> [Your goal]
State how many lines in the material hold the string "woman"; nothing besides that number is expected.

> [Material for this task]
········

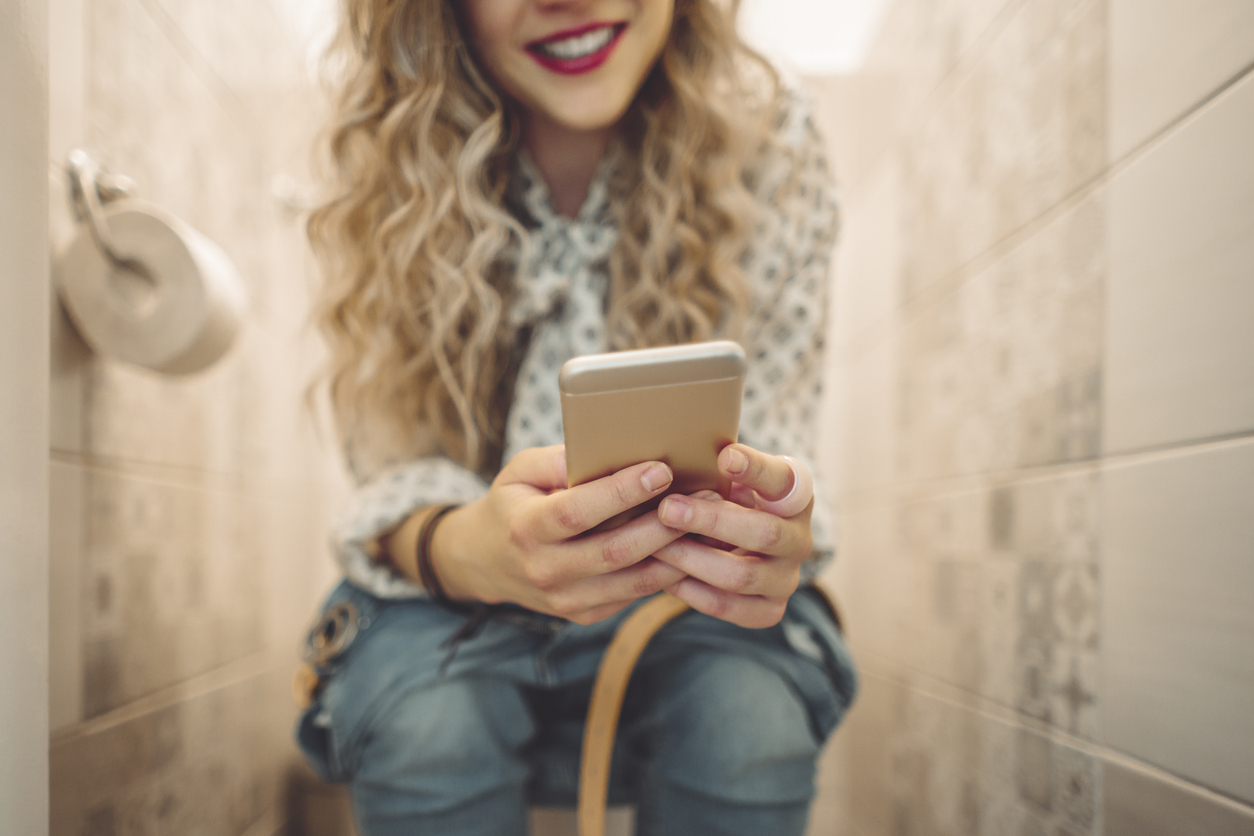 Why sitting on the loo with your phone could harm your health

········

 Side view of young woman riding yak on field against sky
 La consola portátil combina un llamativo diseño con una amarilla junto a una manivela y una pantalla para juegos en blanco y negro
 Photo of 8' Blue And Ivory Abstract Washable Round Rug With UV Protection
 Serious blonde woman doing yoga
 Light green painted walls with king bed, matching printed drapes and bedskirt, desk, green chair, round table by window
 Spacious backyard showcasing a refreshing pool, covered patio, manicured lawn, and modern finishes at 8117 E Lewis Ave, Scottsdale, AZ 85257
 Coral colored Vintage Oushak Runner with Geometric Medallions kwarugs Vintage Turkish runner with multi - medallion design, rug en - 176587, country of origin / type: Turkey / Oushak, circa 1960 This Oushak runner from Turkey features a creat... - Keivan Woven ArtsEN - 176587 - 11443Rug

········

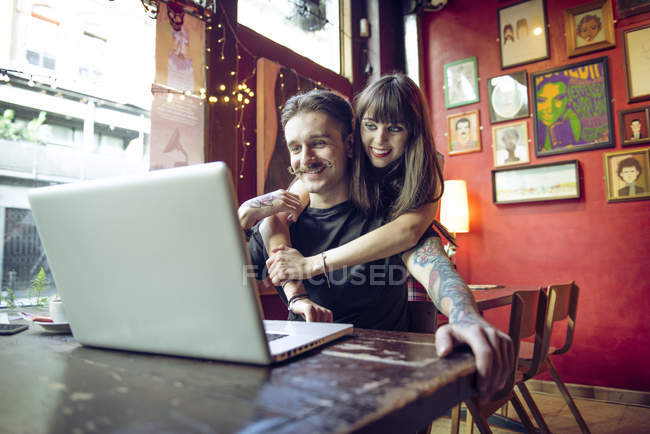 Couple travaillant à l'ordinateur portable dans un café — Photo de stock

········

> [Answer for this exercise]
2